The condemners hear a bit about BA and read a glaring subtext: can't you be a little less angry? And usually, the "you" equals some kind of marginalized or structurally oppressed group. Can't you be less angry, black people? Women? LGBTQ folk? Immigrants? Native Americans? and so forth. Such movements have to do work overtime simply to make their plights known and noticed by the powers that be. To get there, they have to generate tons of energy, passion, and outrage/anger. No one cares about a problem no one's upset about.

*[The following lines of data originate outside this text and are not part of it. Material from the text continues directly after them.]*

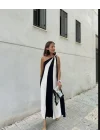 ÇİFT RENKLİ ELBİSE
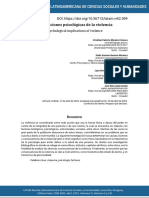 Implicaciones Psicológicas de La Violencia Artículo 2023 LATAM Revista Latinoamericana de C Sociales y Humanidades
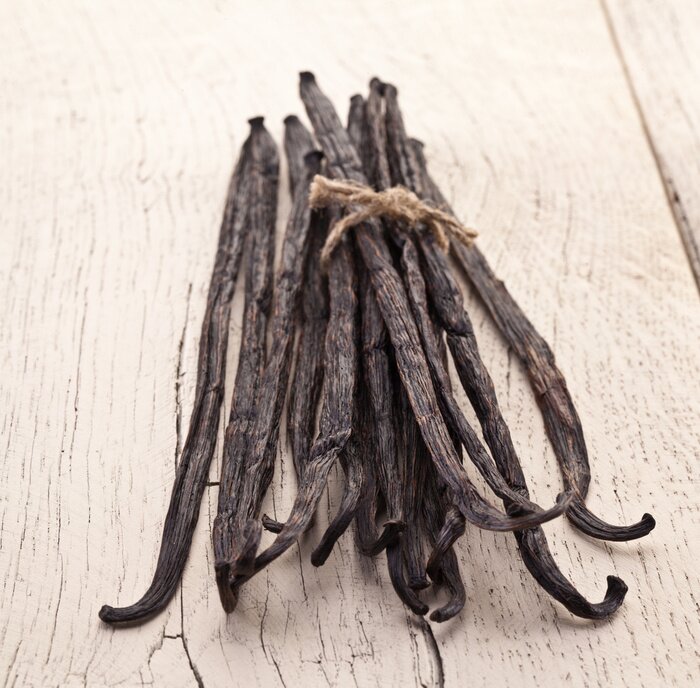 Papier peint  Gousses de vanille aromatique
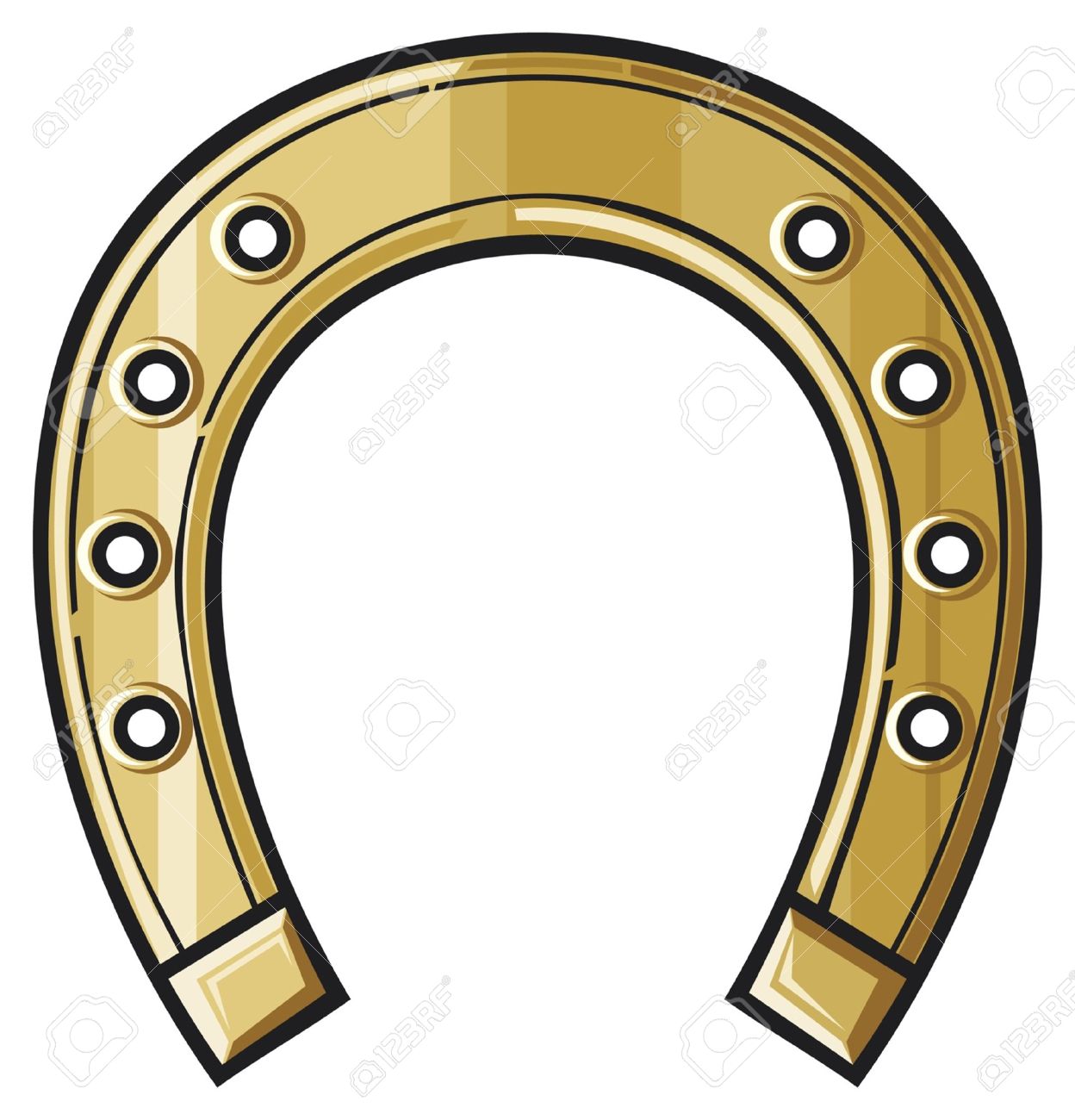 Gold Horseshoe Royalty Free SVG, Cliparts, Vectors, and Stock Illustration.  Image 14836329., image size:1248x1300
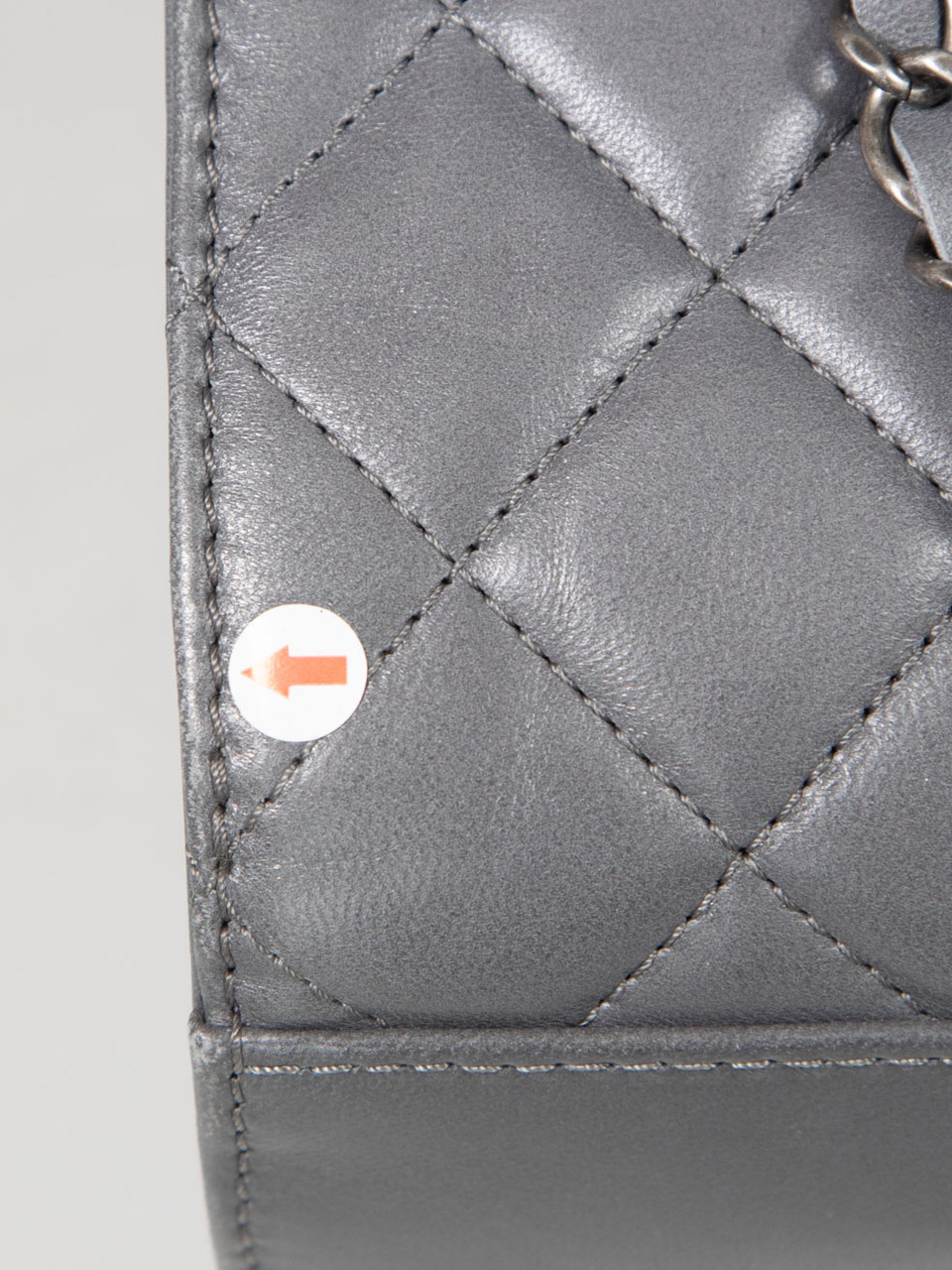 Chanel 2014-2015 Grey Convertible Drawstring Bag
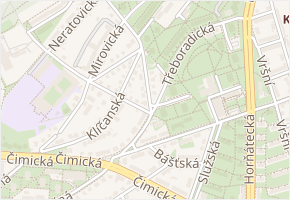 Veleňská v obci Praha - mapa ulice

Yet the majority's initial reaction to criticism/outrage tends to take the form of anger at the outrage--that is, anger at those saying stop killing/hurting/exploiting/mistreating us--rather than attention to the cause of the outrage. This shoot-the-messenger mentality often fuels a kind of patronizing call to civility: Maybe people would listen to you more if you wouldn't yell or block highways or sit at lunch counters or have die-ins? Or even:  I wonder if it isn't your attitude that's creating a lot of the problems for you rather than this supposed mistreatment you keep screeching about? 

Mind you, I don't think BA endorses anything of the sort. But, if you're a front-line activist for a marginalized group who spends twenty-three out of every twenty-four hours fighting the majority's apathy or skepticism about the life-and-death struggle you're going through... Well, a call to love thine enemy and approach each other on equal grounds can seem like the majority's same old willful ignorance repackaged and rebranded as the solution for what ails America today.

It's hard to care about depolarization, in other words, when unarmed black men are being shot/mass incarcerated, when children are taken from their parents at the border, when the planet is burning, etc.

The hope of Better Angels is that it can get people to value a kind of civility alongside their political convictions. The audacity of Better Angels is that it asks people to value a kind of civility alongside their political convictions.